[THE TASK]
For every entry that follows, return an identical copy.

_ _ _ _ _ _ _

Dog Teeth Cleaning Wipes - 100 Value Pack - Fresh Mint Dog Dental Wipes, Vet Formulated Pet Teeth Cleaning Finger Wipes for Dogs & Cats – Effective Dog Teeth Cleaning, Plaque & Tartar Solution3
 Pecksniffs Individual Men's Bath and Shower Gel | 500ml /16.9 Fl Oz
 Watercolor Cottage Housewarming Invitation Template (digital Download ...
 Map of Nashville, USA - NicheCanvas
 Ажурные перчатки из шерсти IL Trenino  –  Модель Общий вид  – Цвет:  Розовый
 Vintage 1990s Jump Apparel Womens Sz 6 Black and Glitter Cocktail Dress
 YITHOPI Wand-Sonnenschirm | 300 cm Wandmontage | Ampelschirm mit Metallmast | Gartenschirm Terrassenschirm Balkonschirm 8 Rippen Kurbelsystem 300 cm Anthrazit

_ _ _ _ _ _ _

[RESULT BELOW]
Dog Teeth Cleaning Wipes - 100 Value Pack - Fresh Mint Dog Dental Wipes, Vet Formulated Pet Teeth Cleaning Finger Wipes for Dogs & Cats – Effective Dog Teeth Cleaning, Plaque & Tartar Solution3
 Pecksniffs Individual Men's Bath and Shower Gel | 500ml /16.9 Fl Oz
 Watercolor Cottage Housewarming Invitation Template (digital Download ...
 Map of Nashville, USA - NicheCanvas
 Ажурные перчатки из шерсти IL Trenino  –  Модель Общий вид  – Цвет:  Розовый
 Vintage 1990s Jump Apparel Womens Sz 6 Black and Glitter Cocktail Dress
 YITHOPI Wand-Sonnenschirm | 300 cm Wandmontage | Ampelschirm mit Metallmast | Gartenschirm Terrassenschirm Balkonschirm 8 Rippen Kurbelsystem 300 cm Anthrazit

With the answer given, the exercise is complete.